_RAW DATA_:
»»

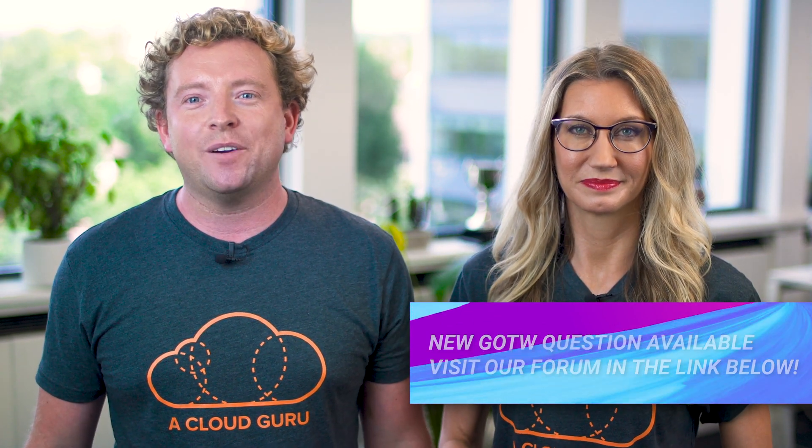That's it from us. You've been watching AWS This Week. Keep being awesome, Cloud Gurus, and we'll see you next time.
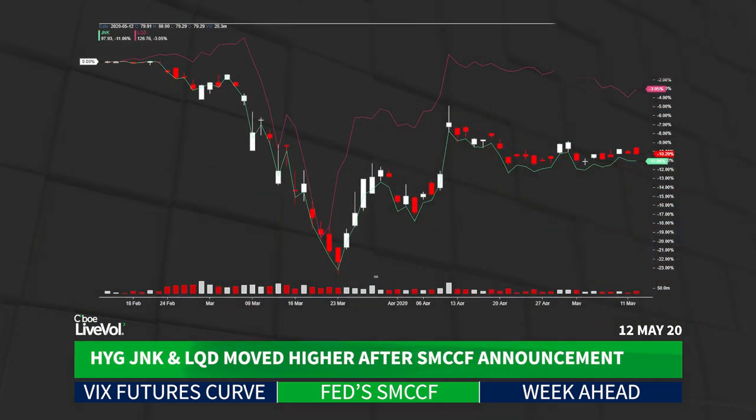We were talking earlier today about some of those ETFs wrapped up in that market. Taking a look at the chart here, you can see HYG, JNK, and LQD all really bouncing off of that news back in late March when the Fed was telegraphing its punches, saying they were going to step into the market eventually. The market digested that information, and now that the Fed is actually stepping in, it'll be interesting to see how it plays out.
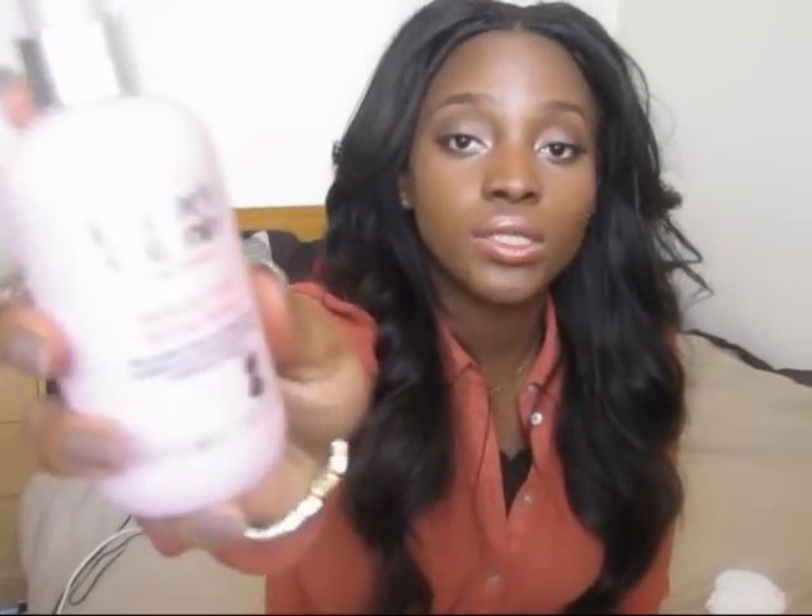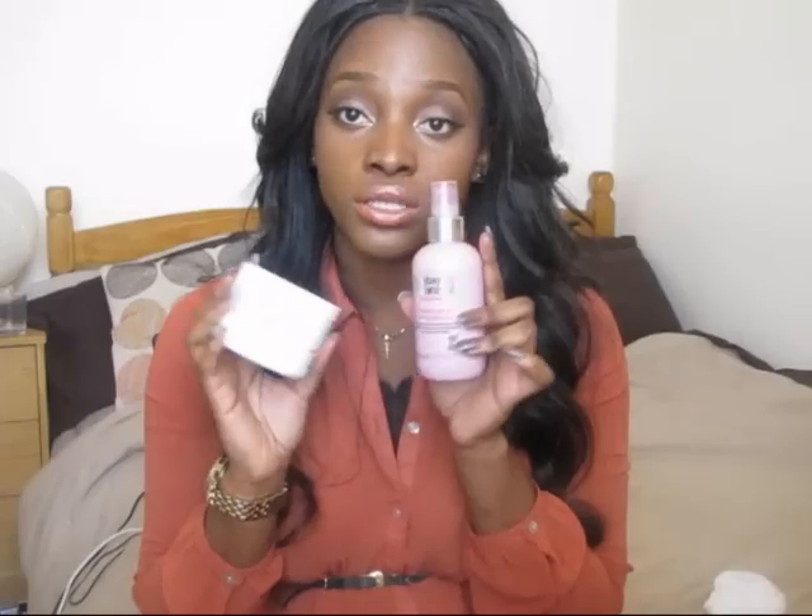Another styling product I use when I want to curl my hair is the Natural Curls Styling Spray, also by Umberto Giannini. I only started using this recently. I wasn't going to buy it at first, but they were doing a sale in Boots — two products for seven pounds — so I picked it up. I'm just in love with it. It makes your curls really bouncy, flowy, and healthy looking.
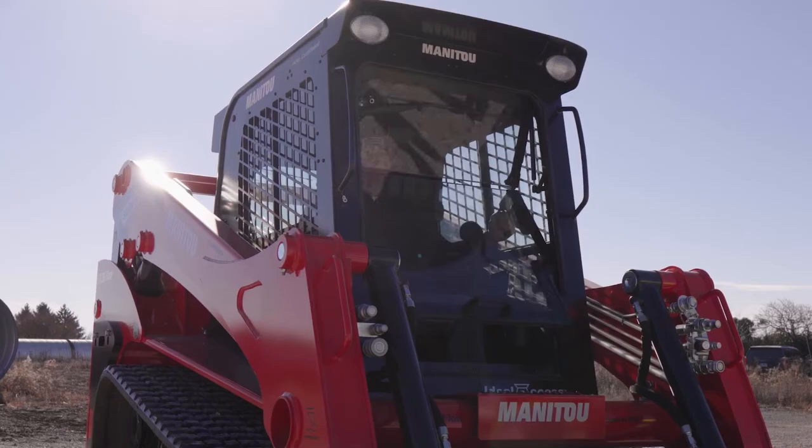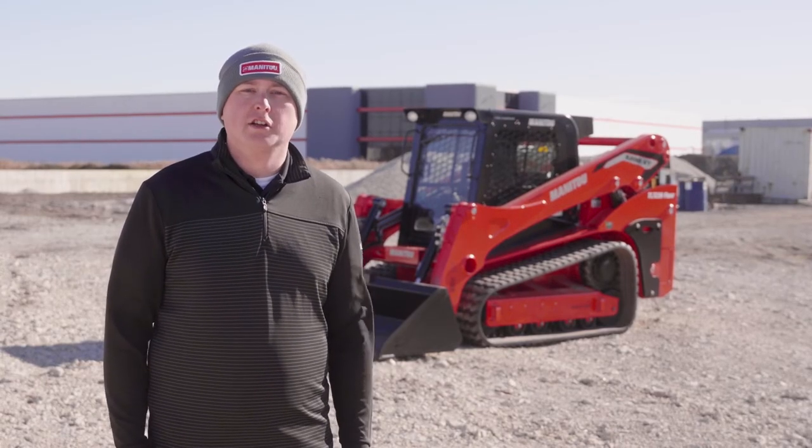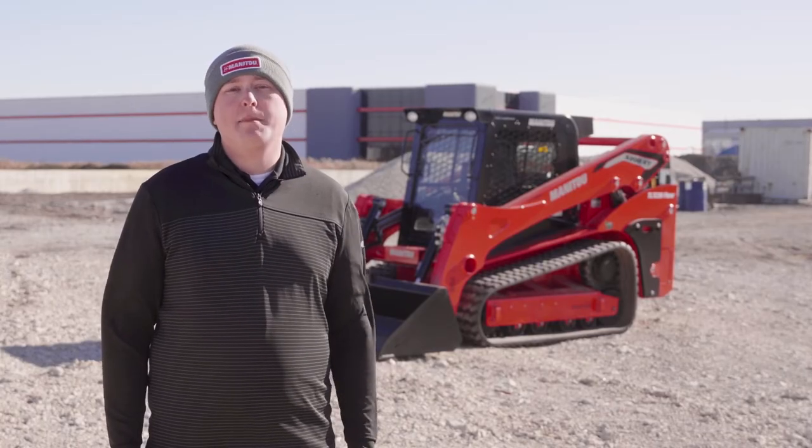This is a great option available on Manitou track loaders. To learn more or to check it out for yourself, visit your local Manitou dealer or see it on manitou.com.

««

_TASK TO COMPLETE_:
Please give all of the data again, exact and free of pictures.

_RESPONSE AREA_:
That's it from us. You've been watching AWS This Week. Keep being awesome, Cloud Gurus, and we'll see you next time.
We were talking earlier today about some of those ETFs wrapped up in that market. Taking a look at the chart here, you can see HYG, JNK, and LQD all really bouncing off of that news back in late March when the Fed was telegraphing its punches, saying they were going to step into the market eventually. The market digested that information, and now that the Fed is actually stepping in, it'll be interesting to see how it plays out.
Another styling product I use when I want to curl my hair is the Natural Curls Styling Spray, also by Umberto Giannini. I only started using this recently. I wasn't going to buy it at first, but they were doing a sale in Boots — two products for seven pounds — so I picked it up. I'm just in love with it. It makes your curls really bouncy, flowy, and healthy looking.
This is a great option available on Manitou track loaders. To learn more or to check it out for yourself, visit your local Manitou dealer or see it on manitou.com.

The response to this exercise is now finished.